[Dataset items]
* * * *

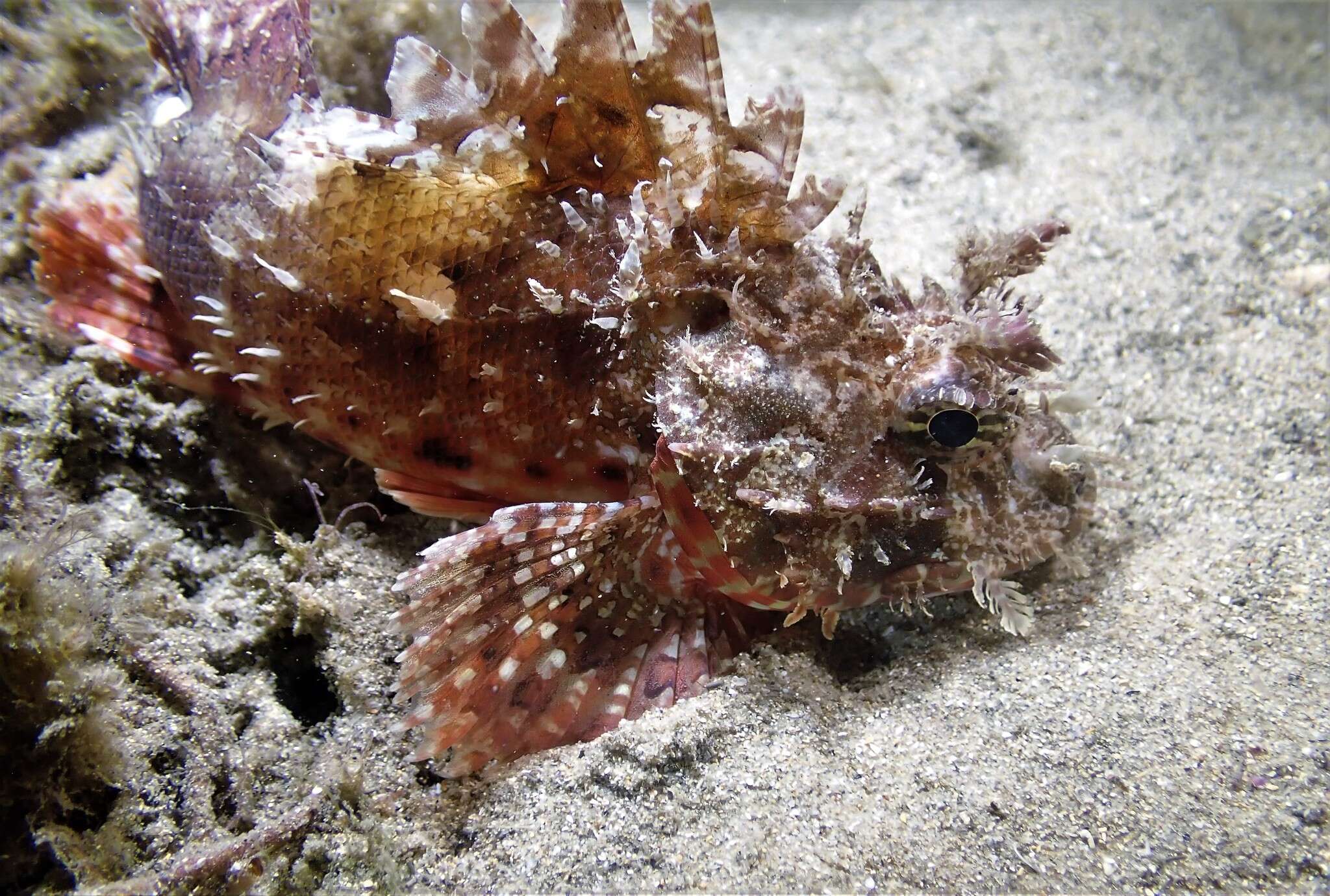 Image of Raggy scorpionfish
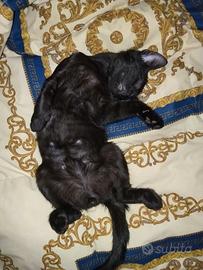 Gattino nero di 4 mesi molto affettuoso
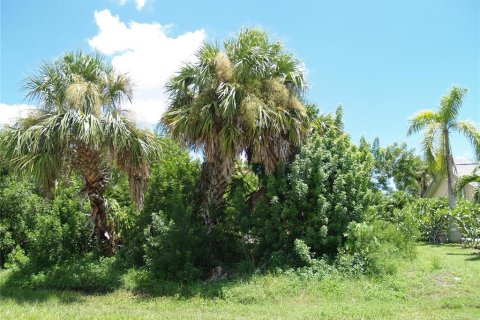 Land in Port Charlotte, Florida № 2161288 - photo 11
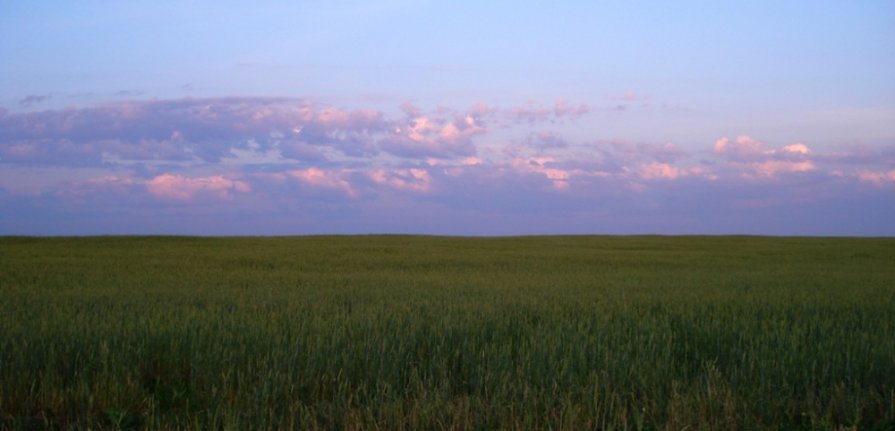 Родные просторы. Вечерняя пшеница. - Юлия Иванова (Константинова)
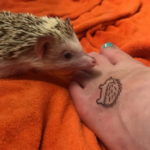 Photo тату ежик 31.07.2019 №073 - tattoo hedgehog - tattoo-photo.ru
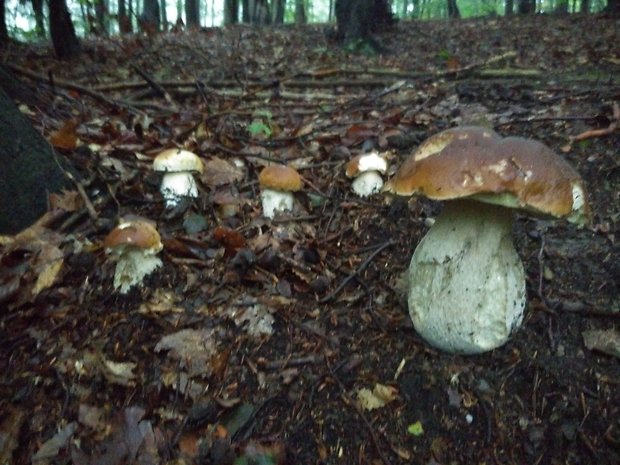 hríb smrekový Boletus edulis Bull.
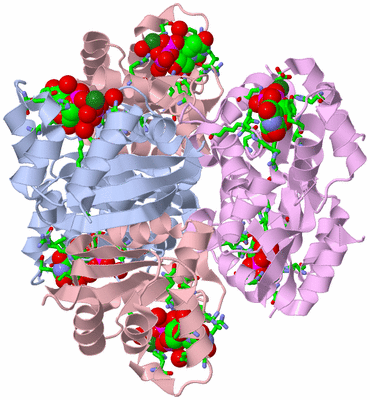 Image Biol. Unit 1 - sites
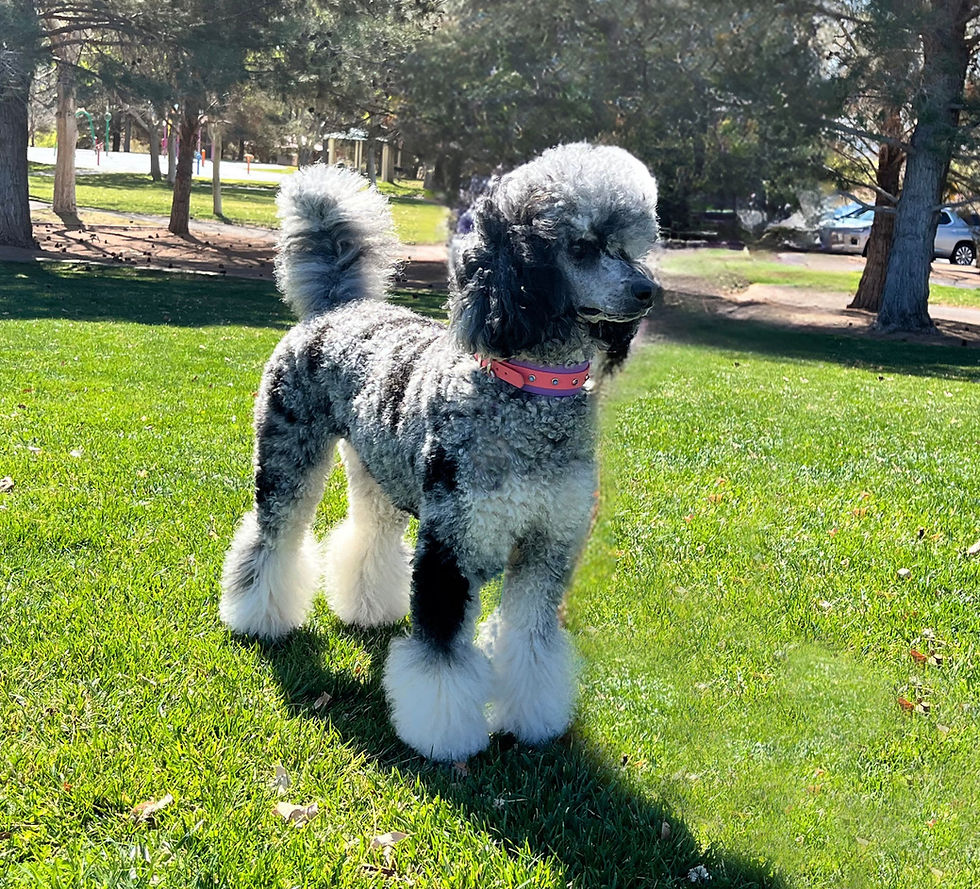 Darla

* * * *

First drop every picture, then print the data above exactly as it stands.

SOLVED PROBLEM
 Image of Raggy scorpionfish
 Gattino nero di 4 mesi molto affettuoso
 Land in Port Charlotte, Florida № 2161288 - photo 11
 Родные просторы. Вечерняя пшеница. - Юлия Иванова (Константинова)
 Photo тату ежик 31.07.2019 №073 - tattoo hedgehog - tattoo-photo.ru
 hríb smrekový Boletus edulis Bull.
 Image Biol. Unit 1 - sites
 Darla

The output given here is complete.